Taking a class on the Historical Jesus to further educate yourself? Good! Listening to the other idiots in your class inflict their uneducated opinions upon you? Bad!
Now before you start calling me a hypocrite, allow me to point out that I have been carefully keeping my opinion in reserve, at least in this class. The reason is that I can’t stand listening to other people’s opinions, so I see no reason to make them listen to mine. I’m there to learn what I can from the teacher and the class materials.
Most of the people in the class are like me, but the few people who are outspoken with their opinions are uniformly stupid. Here’s an example:
Female: Is there any art of Jesus or his immediate family from the first century that we could count as a primary source?
Teacher: Well, technically, no.
Female: Well, how do we know he existed? I mean there’s no evidence that he did.
Teacher: There’s a great deal of literary evidence.
Female: But that’s all hear-say! You can’t trust any of it!
Teacher: Well, the same could be said of any historical figure from antiquity. We have as much, in fact, we have more evidence for Jesus than for Socrates or Julius Ceasar.
Female: But Ceasar left a mark!
Several people in class at once: So did Jesus!!
Female: No he didn’t! Ceasar left a permanent mark that we can trace. Jesus is transparent. There’s no artwork or scientific evidence at all! _I_ don’t think he really existed!
She said this last line very proudly, almost snidely, as though she was just waiting for the rest of us to come to this obvious conclusion and abandon our fool’s quest to prove anything at all.

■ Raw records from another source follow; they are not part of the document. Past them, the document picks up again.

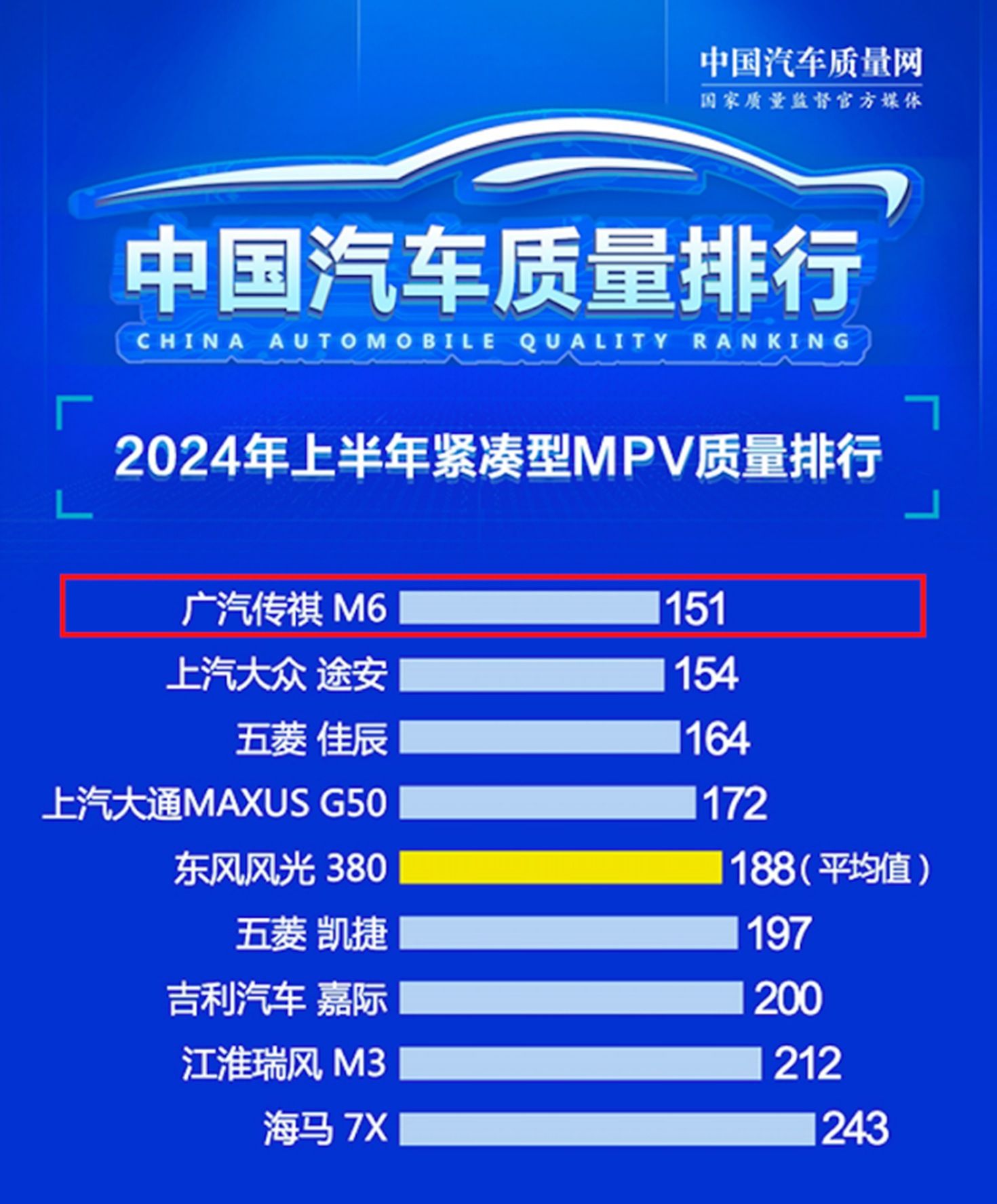 累计38个月摘得细分市场销冠，传祺M6收获“全满冠”金牌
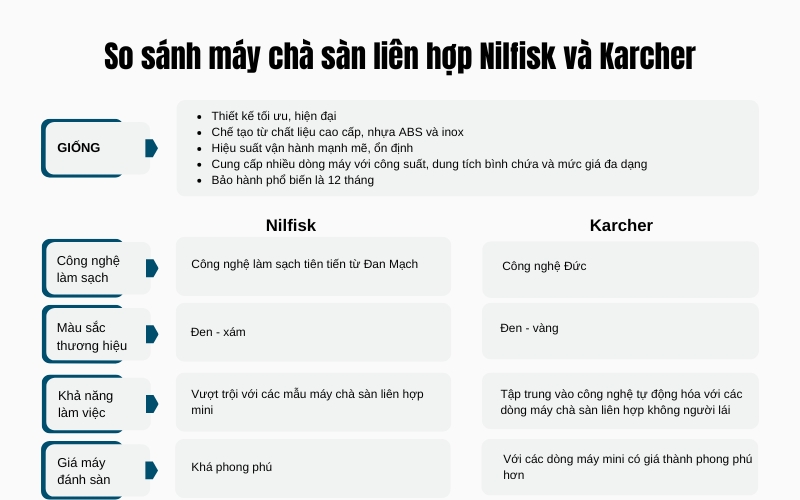 So sánh máy chà sàn liên hợp Nilfisk và Karcher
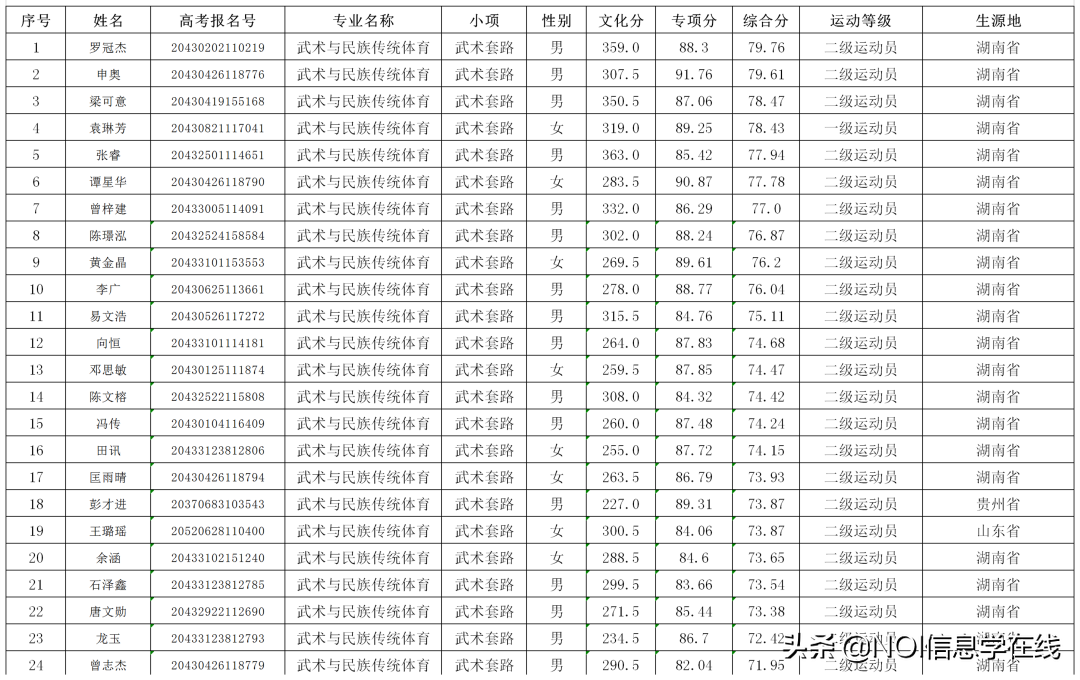 苏州大学&吉首大学&江汉大学2020年体育单招拟录取名单公示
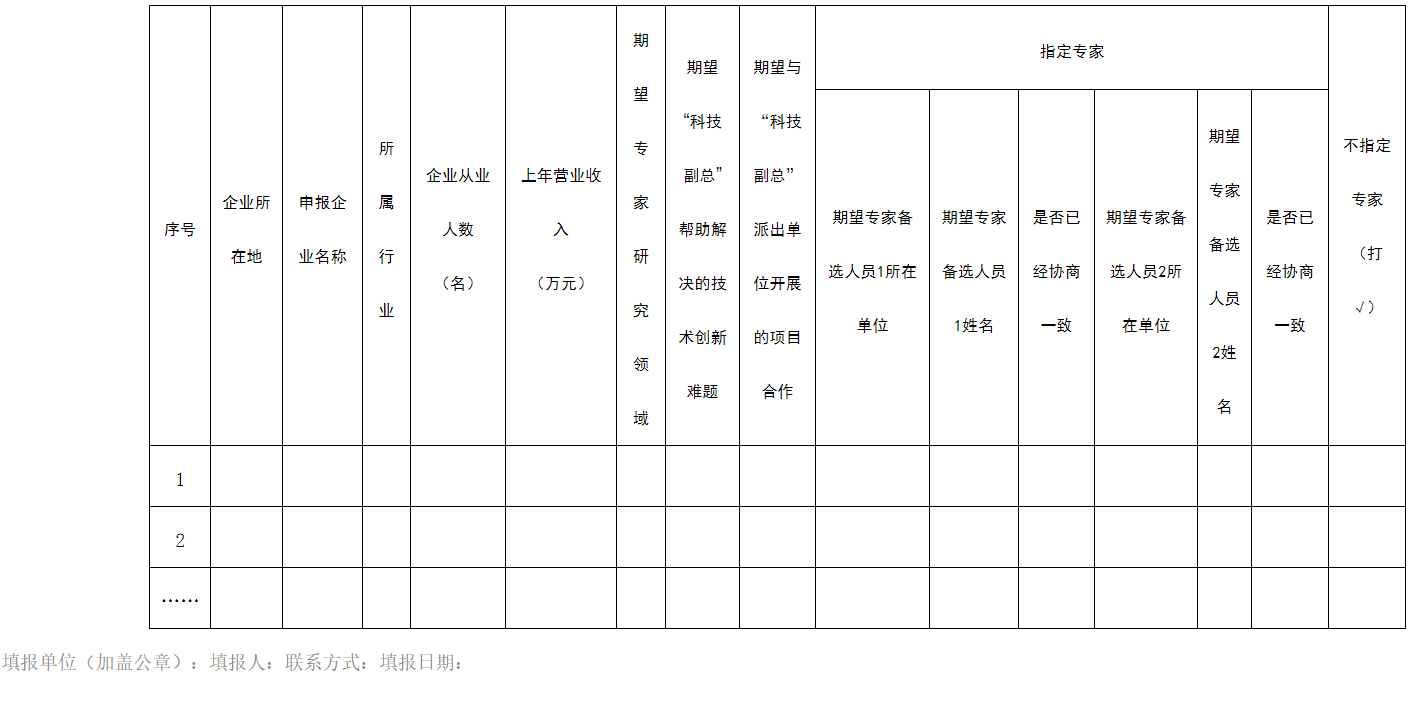 市经信局关于征集企业“科技副总” 需求和技术创新难题的通知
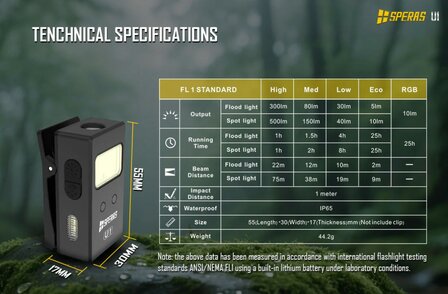 Speras U1 | Multifunctionele Cliplamp met Bewegingssensor, Magneet &amp; USB-C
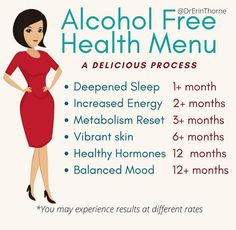 Alcohol Is Poison, Alcohol Free Quotes, Benefits Of Not Drinking Alcohol, Alcohol Intolerance, Dopamine Detox, Alcohol Benefits, Healthy Alcohol, Alcohol Facts, Alcohol Recovery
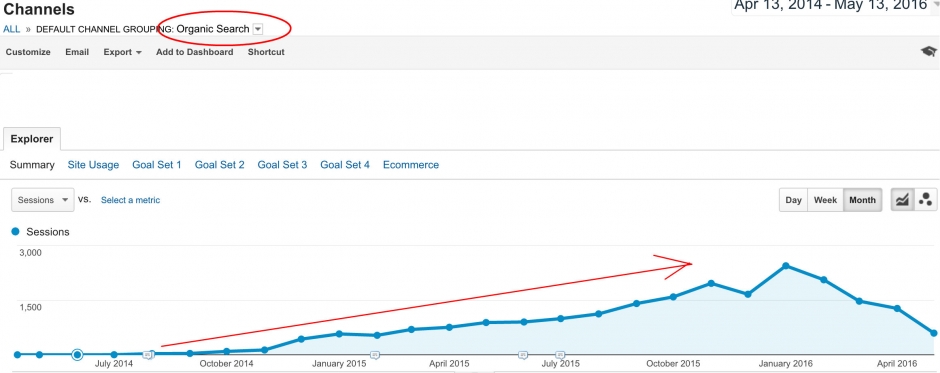 Organic Growth Chart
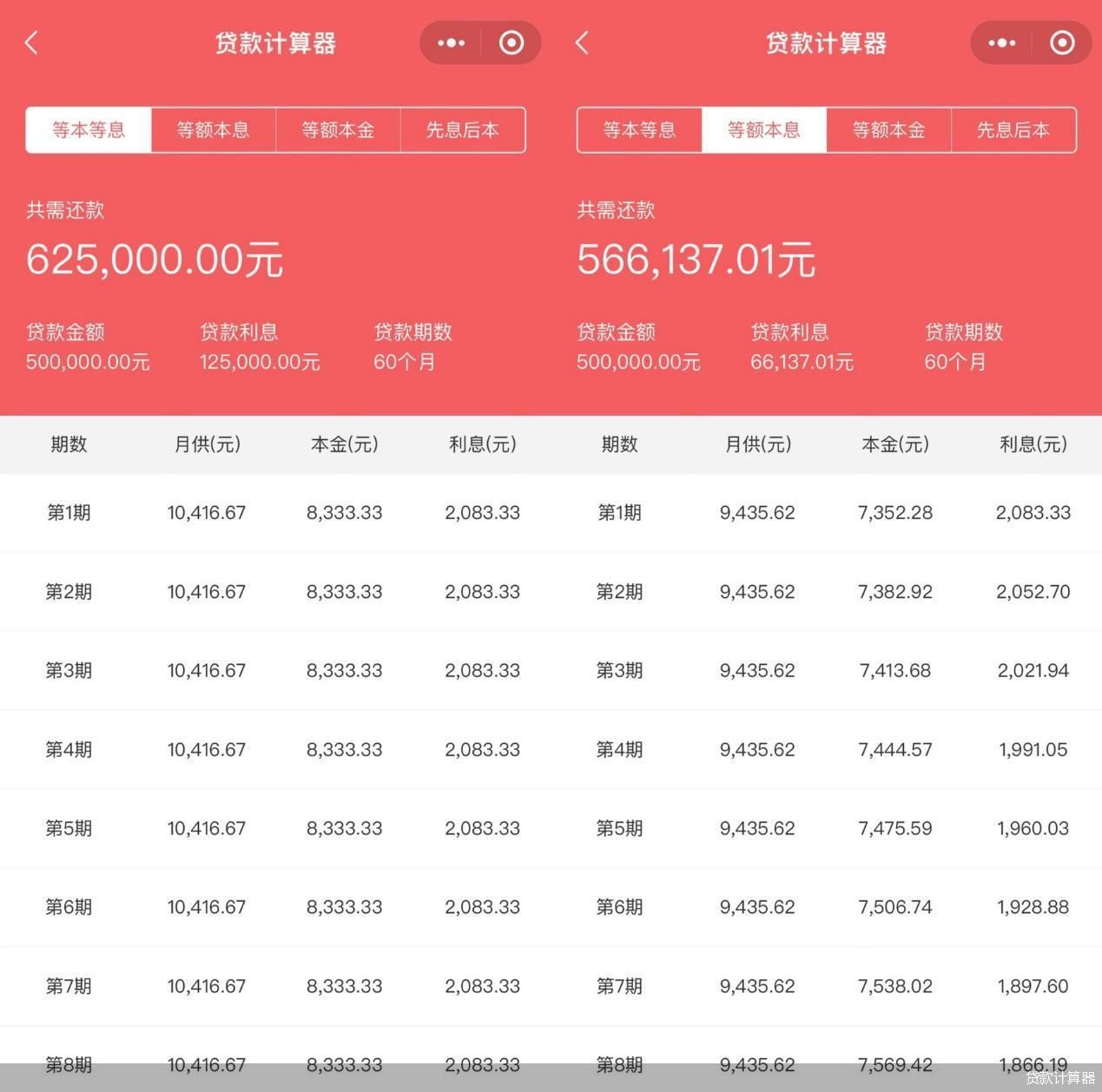 最新銀行房貸計算器，理解與應用指南全解析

She brought this same subject up three times over a two-hour class, interrupting the lecture each time. We were discussing portrayals of Jesus in artwork, and she was way off-topic. After three weeks in class, Jesus’ historicity is accepted, and we’re only debating what he actually did, not whether he existed.
There are so many holes in her argument that I’m not even going to point them out. I’ll just leave them for the reader to amaze themselves with.
Three days of class left. Then I’m officially graduated and I don’t have to put up with this shit anymore.
Someday, when I’m a college professor, I’m going to include a gag on the list of required materials, and I’ll refuse to lecture until all the students are wearing them.